All of the data, except its images, should be set down exactly as it appears.

_DATA EXCERPT:_
◆ ◆ ◆ ◆ ◆

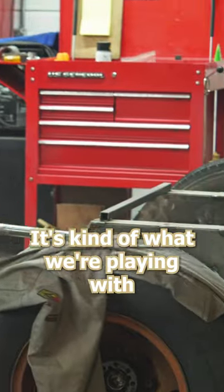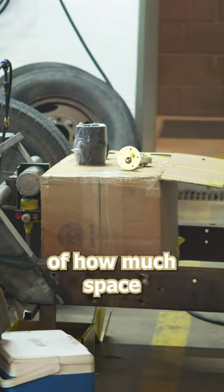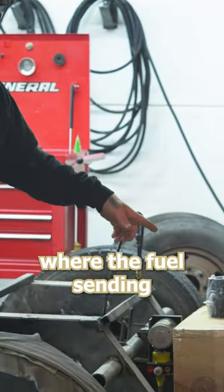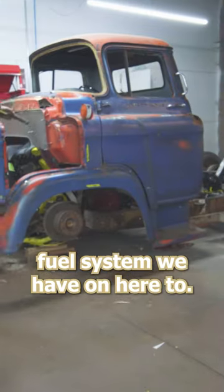For the fuel system, that's kind of what we're playing with in this cardboard box back here — trying to get a realistic idea of how much space we actually have and making sure we're planning for any kind of bed clearance. Right now we're trying to figure out where the fuel sending unit will go and where the pickup's going to go, all in relation to the fast fuel system we have on here too.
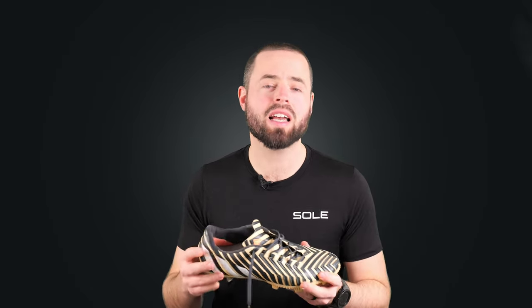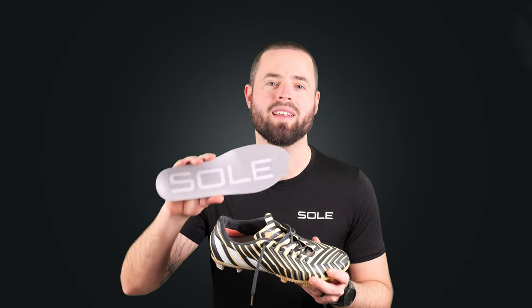So you're looking for an insole to add supportive comfort to your cleats without affecting their fit or feel? Well you've come to the right place. I'm Paul from Sole, here to tell you about the ultimate in insoles for cleats, our Active Thin footbed.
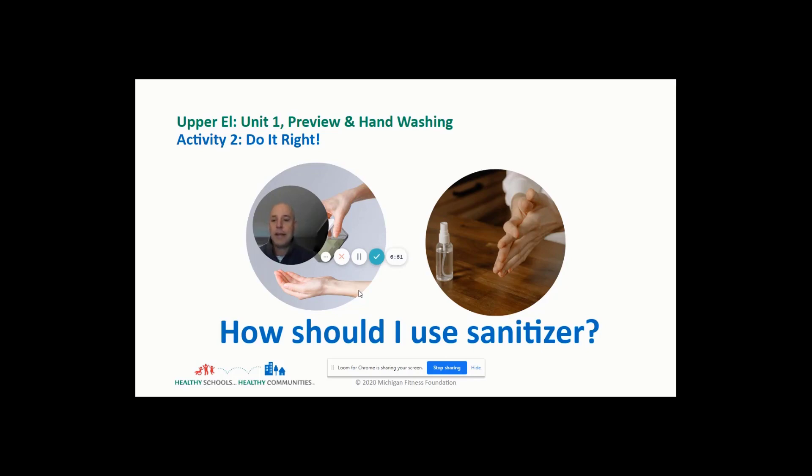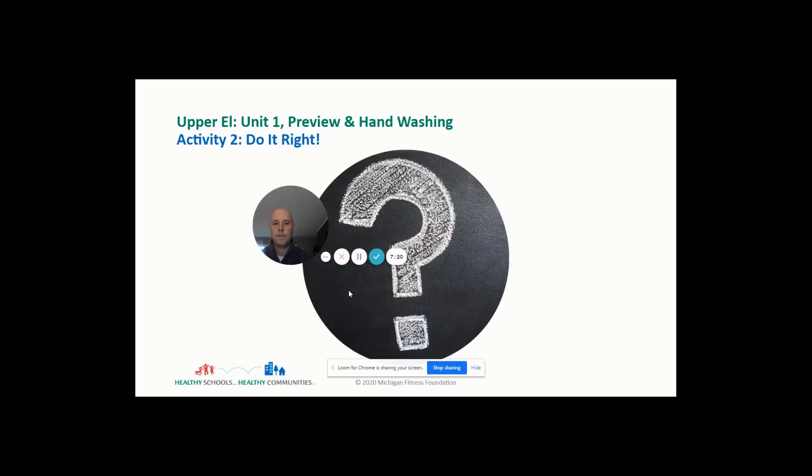Think of your 20 seconds and use that hand sanitizer — if you don't have soap and water, that is a great way to keep your hands clean before you eat. Those germs that we touch our food and mouth with can get inside our bodies and make us sick.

◆ ◆ ◆ ◆ ◆

_ANSWER BOX:_
For the fuel system, that's kind of what we're playing with in this cardboard box back here — trying to get a realistic idea of how much space we actually have and making sure we're planning for any kind of bed clearance. Right now we're trying to figure out where the fuel sending unit will go and where the pickup's going to go, all in relation to the fast fuel system we have on here too.
So you're looking for an insole to add supportive comfort to your cleats without affecting their fit or feel? Well you've come to the right place. I'm Paul from Sole, here to tell you about the ultimate in insoles for cleats, our Active Thin footbed.
Think of your 20 seconds and use that hand sanitizer — if you don't have soap and water, that is a great way to keep your hands clean before you eat. Those germs that we touch our food and mouth with can get inside our bodies and make us sick.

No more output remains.